Ich bin eine Rabenmutter
So! Jetzt ist es endlich raus.
Ich habe lange versucht dem Idealbild einer fürsorglichen Mutter zu entsprechen. So richtig gelungen ist es mir wohl nie, glaube ich.
Babyalarm
Du meine Güte, was fand ich es damals schwierig mich auf diesen fremden Ablauf, den fremden Rhythmus meines Säuglings einzustellen. Mich hat das so sehr an meine Grenzen gebracht und ich war froh um jeden Moment in dem ich meinen Sohn nicht betreuen musste. Wo waren die unendlichen Glücksgefühle, das himmelhochjauchzende? Bei mir jedenfalls nicht! Und ich fühlte mich so schlecht deswegen.
- Ich konnte mein Kind nicht stillen. RABENMUTTER.
- Mir fiel es schwer mich auf dieses fremde Menschlein einzulassen. RABENMUTTER.
- Ich war überfordert mit dem „ständigen“ Abpumpen der Milch, dem anschließenden Prozedere und Abkochen der Utensilien und dem fehlenden Schlaf. Als gute Mutter empfindet frau so etwas nicht! RABENMUTTER.
- Ich gab mein 6-Wochen altes Baby an einem Tag in der Woche an die Großeltern. RABENMUTTER.
Am schlimmsten war der innere Druck. Meine Vorstellung davon wie ich als Mutter zu sein hatte. Was ich als gute Mutter zu tun und zu lassen hatte. Welche Kurse „man“ besuchen MUSSTE um das Kind optimal zu fördern.
Ob uns diese Dingen überhaupt entsprachen und ob die vorgegebenen Termine in unseren Ablauf passten. Hinterfragte ich nicht.
Ich konnte die Ansprüche einfach nicht loslassen. Etwas verändern. Ich wusste einfach nicht WAS. Also rannte ich weiter.
Ein widerwilliges Kleinkind
Erst als mein Sohn – mit knapp 15 Monaten – sich vehement gegen den Besuch bei der Mutter-Kind-Gruppe wehrte, indem er sich im Auto und seinem Kindersitz verkeilte und so ein Aussteigen verhinderte. Wachte ich das erste Mal auf! Ich ließ das aufgewühlte Kind und führ wieder nach Hause.
rgendwie fiel mir damals ein Stein vom Herzen. Endlich „brauchte“ wir dort nicht mehr hin….Endlich hatte ich DIE Ausrede gefunden. Denn ganz ehrlich: so richtig Bock auf dieses Kleinkind-Bespassungs-Programm hatte ich nämlich auch nicht!
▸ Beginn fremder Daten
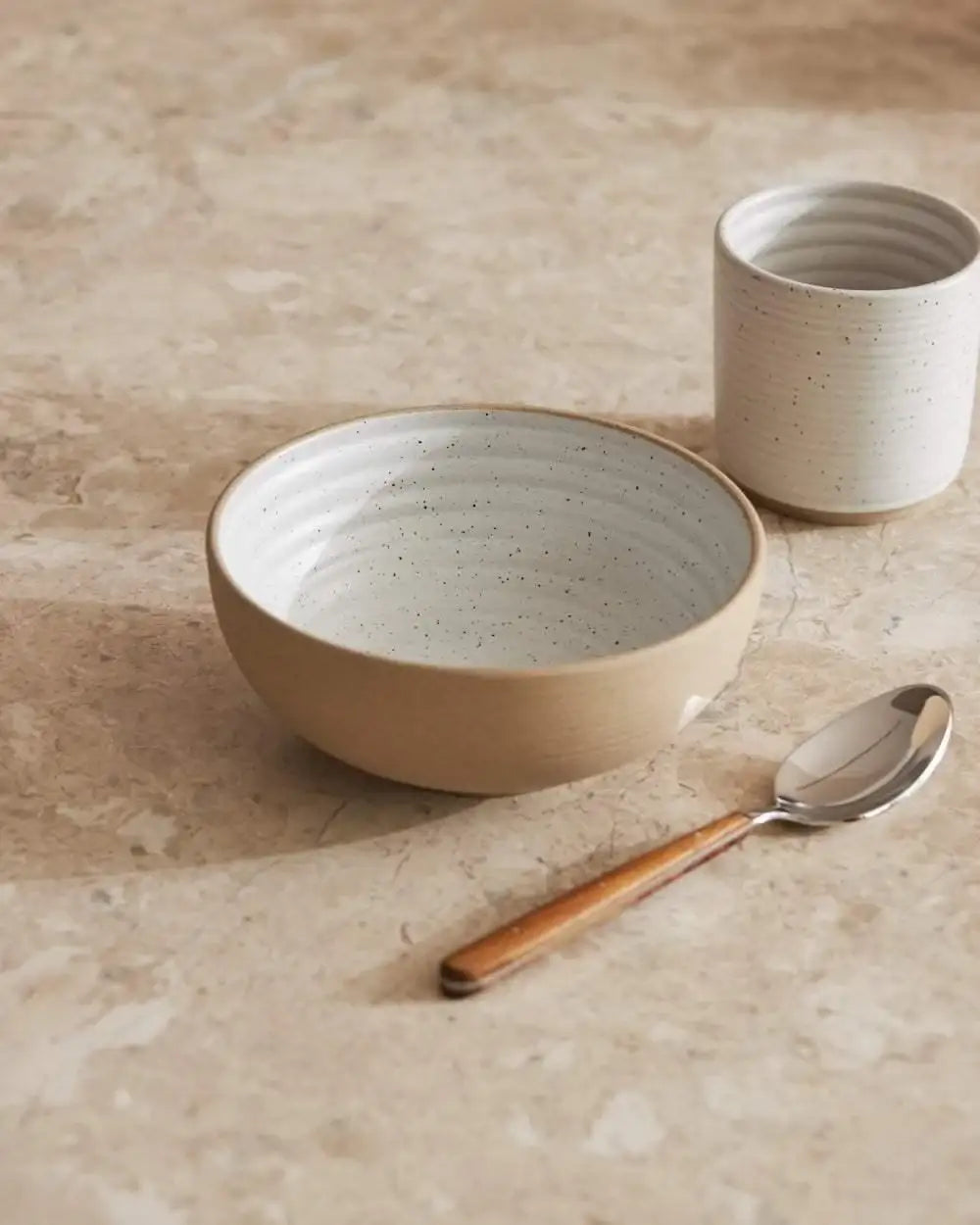 Asoke ceramic bowl and cup set with speckled glaze, wooden-handled spoon on marble surface by Marion Grasby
Das war die erste Befreiung von den gängigen Konventionen. Ich brach mit dem Mutter-Kind-Pekip-Musikalischefrühförderung-Kleinkindspielkreis-Wahnsinn und wurde aus dem Mütter-Umfeld ziemlich kritisiert. RABENMUTTER!
Ich fragte mich: Wie kann sich etwas gleichzeitig richtig anfühlen und mir trotzdem ein schlechtes Gewissen machen? Die Antwort auf diese Frage erhielt ich erst viele Jahre später.
Zeitsprung
In den folgenden Jahren entschied ich mich immer öfter für Dinge, Unternehmungen, Aktivitäten und Verabredungen, die in unseren Ablauf passten und uns wirklich interessierten.
ABER: die RABENMUTTER Rufe verstummten nicht!
Im Kindergarten:
alles BIO und natürlich selbst gemacht! Hältst du dich nicht dran RABENMUTTER.
Du verpasste eine Bastelstunde: RABENMUTTER.
In der Grundschule:
Mein Sohn läuft alleine in die Schule und zurück…..RABENMUTTER.
Mein Kind ist nachmittags für zwei Stunden alleine zu Hause weil ich arbeiten muss….RABENMUTTER.
Ich sitze NICHT stundenlange neben meinem Sohn um die Hausaufgaben zu betreuen…..RABENMUTTER.
Ich mute meinem Kind zu, dass es ALLEINE für seinen Ranzen, seine Noten und die Schule verantwortlich ist und kümmere mich nur wenig…….RABENMUTTER.
Ich entscheide mich vom Kindsvater zu trennen…. du ahnst es schon….RABENMUTTER!
Ich könnte diese Liste bis in die Unendlichkeit fortsetzten. Und ich denke, dass dir auch sehr ähnliche Beispiele einfallen. Oft kamen die Anschuldigungen sehr subtil und quasi durch die Blume. Wie Giftpfeile trafen sie mich hinterrücks und unerwartet.
Viel öfter waren es aber meine eigenen GEDANKEN die mich als Rabenmutter beschimpften!